Joel Lebewitz, attorney and CPA at the Minneapolis accounting firm Lurie, has won numerous awards for community service, including for his 30 years as a board member and adviser to the Metropolitan Economic Development Association (MEDA), the growing adviser and lender to small minority businesses that is moving this year into the new Thor Cos. complex in north Minneapolis. In this interview, edited for length and clarity, Lebewitz, 64, talks about MEDA's progress and the history that influences him and Lurie.

Q: You came to know MEDA, as well as the late Beck Horton, a black Twin Cities manufacturing entrepreneur who was a MEDA stalwart. And you and a senior Lurie partner decided to get involved in the 1980s?

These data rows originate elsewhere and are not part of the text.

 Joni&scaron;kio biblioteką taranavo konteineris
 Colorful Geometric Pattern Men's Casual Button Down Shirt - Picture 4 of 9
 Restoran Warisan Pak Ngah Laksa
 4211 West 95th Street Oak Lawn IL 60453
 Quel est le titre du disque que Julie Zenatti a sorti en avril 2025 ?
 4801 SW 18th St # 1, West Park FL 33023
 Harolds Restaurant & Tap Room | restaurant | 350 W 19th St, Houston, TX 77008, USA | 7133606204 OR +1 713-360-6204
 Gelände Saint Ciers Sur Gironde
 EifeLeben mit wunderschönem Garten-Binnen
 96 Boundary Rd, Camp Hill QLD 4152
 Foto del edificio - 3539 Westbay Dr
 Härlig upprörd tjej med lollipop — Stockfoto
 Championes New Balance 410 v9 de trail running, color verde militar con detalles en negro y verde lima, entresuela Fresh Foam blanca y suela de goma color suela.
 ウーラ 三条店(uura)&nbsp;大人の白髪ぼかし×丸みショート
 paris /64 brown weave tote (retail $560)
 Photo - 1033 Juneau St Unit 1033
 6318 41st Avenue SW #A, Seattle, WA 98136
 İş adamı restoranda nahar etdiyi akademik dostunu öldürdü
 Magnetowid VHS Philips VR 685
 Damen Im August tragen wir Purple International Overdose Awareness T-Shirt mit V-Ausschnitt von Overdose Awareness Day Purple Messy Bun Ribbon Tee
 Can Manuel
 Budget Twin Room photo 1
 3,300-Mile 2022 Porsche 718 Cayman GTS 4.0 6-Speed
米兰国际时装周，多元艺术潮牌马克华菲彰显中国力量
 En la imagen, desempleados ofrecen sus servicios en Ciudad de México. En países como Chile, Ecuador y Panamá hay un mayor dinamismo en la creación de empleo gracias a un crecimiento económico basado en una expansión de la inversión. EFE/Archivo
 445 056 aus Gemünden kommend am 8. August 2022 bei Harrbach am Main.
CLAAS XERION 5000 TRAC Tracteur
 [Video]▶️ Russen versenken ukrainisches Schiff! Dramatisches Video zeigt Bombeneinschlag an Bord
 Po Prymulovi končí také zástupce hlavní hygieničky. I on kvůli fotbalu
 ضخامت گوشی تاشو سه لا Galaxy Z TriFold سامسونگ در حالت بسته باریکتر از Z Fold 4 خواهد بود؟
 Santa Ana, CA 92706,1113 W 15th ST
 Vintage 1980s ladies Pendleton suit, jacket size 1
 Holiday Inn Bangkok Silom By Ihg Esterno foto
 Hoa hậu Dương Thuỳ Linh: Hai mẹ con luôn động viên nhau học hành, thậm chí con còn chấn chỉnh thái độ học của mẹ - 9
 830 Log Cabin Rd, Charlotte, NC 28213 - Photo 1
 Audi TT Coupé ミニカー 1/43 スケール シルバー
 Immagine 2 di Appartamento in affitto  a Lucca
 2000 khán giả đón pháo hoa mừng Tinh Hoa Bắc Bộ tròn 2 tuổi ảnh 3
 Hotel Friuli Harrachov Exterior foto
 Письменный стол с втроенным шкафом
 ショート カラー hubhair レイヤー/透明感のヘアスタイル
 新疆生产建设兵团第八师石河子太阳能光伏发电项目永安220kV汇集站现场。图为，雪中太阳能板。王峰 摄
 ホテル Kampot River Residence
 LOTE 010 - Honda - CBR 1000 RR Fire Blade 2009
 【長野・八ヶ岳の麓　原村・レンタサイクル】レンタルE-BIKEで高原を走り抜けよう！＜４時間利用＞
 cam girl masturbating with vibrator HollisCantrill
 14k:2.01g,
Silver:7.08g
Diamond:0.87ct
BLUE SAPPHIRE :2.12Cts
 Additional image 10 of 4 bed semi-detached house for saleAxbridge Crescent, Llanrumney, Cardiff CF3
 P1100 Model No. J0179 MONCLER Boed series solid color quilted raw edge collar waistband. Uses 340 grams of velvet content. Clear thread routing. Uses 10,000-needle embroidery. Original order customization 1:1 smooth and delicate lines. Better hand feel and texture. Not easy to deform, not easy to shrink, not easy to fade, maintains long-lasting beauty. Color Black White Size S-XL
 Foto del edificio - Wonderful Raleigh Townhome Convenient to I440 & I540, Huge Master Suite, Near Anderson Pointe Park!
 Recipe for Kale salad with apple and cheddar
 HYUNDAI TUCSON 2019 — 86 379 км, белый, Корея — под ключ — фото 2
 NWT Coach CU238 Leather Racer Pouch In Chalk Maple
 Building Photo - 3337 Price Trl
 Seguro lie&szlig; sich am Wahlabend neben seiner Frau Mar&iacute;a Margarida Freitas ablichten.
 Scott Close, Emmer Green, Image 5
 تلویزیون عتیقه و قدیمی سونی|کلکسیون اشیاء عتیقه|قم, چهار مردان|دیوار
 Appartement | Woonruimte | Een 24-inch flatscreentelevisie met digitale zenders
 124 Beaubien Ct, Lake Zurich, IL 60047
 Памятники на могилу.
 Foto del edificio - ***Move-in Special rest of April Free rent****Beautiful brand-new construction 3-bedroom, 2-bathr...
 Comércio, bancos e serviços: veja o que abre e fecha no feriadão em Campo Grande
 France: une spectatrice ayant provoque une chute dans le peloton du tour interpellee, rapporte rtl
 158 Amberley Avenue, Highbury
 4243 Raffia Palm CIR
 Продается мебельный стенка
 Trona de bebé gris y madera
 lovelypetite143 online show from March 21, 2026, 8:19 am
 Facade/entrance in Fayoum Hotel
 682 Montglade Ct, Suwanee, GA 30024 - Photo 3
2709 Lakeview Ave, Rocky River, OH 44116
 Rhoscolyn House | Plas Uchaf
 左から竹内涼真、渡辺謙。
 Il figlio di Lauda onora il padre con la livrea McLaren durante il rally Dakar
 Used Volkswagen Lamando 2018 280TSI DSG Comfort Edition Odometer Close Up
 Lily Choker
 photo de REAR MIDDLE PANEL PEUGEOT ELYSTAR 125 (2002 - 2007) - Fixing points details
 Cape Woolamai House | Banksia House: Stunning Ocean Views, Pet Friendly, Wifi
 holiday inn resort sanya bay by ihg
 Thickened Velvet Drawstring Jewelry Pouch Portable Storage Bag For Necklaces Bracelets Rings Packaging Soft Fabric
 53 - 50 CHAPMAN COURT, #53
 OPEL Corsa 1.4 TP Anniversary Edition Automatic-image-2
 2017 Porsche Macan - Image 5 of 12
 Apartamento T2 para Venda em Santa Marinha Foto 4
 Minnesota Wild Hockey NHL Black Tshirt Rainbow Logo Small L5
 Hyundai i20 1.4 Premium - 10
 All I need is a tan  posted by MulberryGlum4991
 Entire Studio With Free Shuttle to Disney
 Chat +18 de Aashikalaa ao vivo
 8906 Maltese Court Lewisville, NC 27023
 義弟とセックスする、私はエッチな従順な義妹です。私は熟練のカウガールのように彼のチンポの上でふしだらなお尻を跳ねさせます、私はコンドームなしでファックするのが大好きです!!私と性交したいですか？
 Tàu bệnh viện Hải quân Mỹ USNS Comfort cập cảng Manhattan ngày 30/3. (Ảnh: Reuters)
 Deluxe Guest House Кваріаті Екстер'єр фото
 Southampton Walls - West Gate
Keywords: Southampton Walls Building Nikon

A: We were introduced to MEDA by the late Matt Little, an African-American entrepreneur and head of the local chapter of the NAACP, and Willie Adams, an African-American banker who had helped my parents at their business, Rosenthal Furniture. We offered to provide 500 volunteer hours or more if they needed it. From that point on, we've honored that commitment to MEDA every year. We have been among MEDA's largest volunteer group over the years.

Q: Lurie was started in 1940, when Jewish professionals were not welcome in most Twin Cities firms. Does the experience of your predecessors inform your commitment to MEDA and minority small business people?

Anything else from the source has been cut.